Miranda (she/they) is enrolled in Brock University’s MA in Classics, in the Art and Archaeology stream. Her current research interests include the Roman household material culture, the visual representation of different cultures in Roman houses, and accessibility in curatorial practices focusing on classical objects. She attended Mount Allison University in Sackville, NB for her undergraduate degree, where she received a BA with Honors in Visual and Material Culture Studies with a Major in Classical Studies in May 2023. Her undergraduate thesis focused on the analysis and contextualization of a catalogue of unpublished small finds from the Sanctuary of Venus at Pompeii.
“The Small Finds from the Sanctuary of Venus at Pompeii”

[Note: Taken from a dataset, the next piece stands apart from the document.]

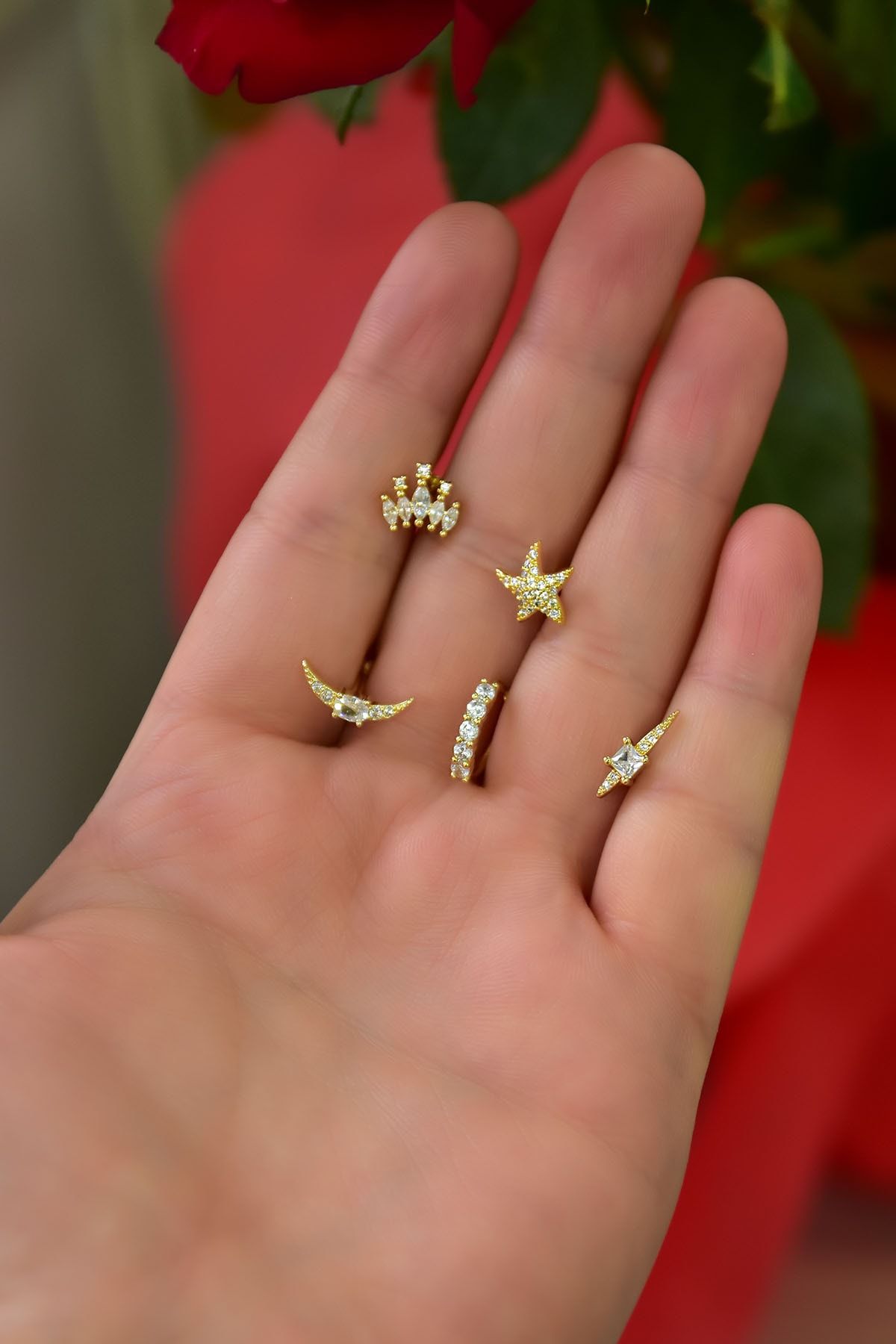 Çelik Sarı 5'li Kombinli Tragus Küpe Model18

Atop an artificial terrace near the fortification walls in the southwest corner of the city of Pompeii sits the remains of the Sanctuary of Venus. Overlooking the Mediterranean Sea to the south, and backing onto the Via Marina to the north, the sanctuary was in a location fit for the patron divinity of the Roman city. The dedication of the city to Venus likely happened after the founding of the Sullan colony in 80 BCE, which acknowledged the special relationship the Roman general Sulla had with the Goddess Venus. The triporticus and axial temple, which was heavily damaged by an earthquake in 62 AD, were still under reconstruction when Mount Vesuvius erupted in 79 AD. Under the auspices of Pompeii Archaeological Park, archaeologists from the University of Missouri-Columbia and Mount Allison University have resumed the study of the Temple and Sanctuary of Venus. The main objective of the Venus Pompeiana Project is to clarify the original sanctuary’s date, extent, and internal organization, and the nature of the rituals that were conducted therein, detailing the primary transformation of the site from the original inhabited area to the Sanctuary that’s visible today. Over the last year, I have been examining the small finds that were recovered from the four seasons of excavation with the Venus Pompeiana Project, which features an assemblage of slingshot bullets likely dating to the Sullan siege of the city and a cistern used as a garbage pit during the construction of the Sanctuary. In total, the collection consists of 126 objects each with its own unique story. This research has helped in the resulting dating of the sanctuary to post-80 BCE. These results have important implications for the broader understanding of the topography of a crucial quadrant of Pompeii facing onto the Via Marina and in direct relationship with the Basilica. The findings also reveal cultural information about the people living in the area surrounding Pompeii before and after it became a Roman colony.
John Wilfred Bessai (he/him) is a Ph.D. candidate at Trent University, specializing in Canadian Studies. His research focuses on the intersection of digital media, public discourse, and identity formation, with a particular interest in the NFBC’s role in shaping societal narratives.
“Exploring Identity Narratives through NFBC’s Digital Projects”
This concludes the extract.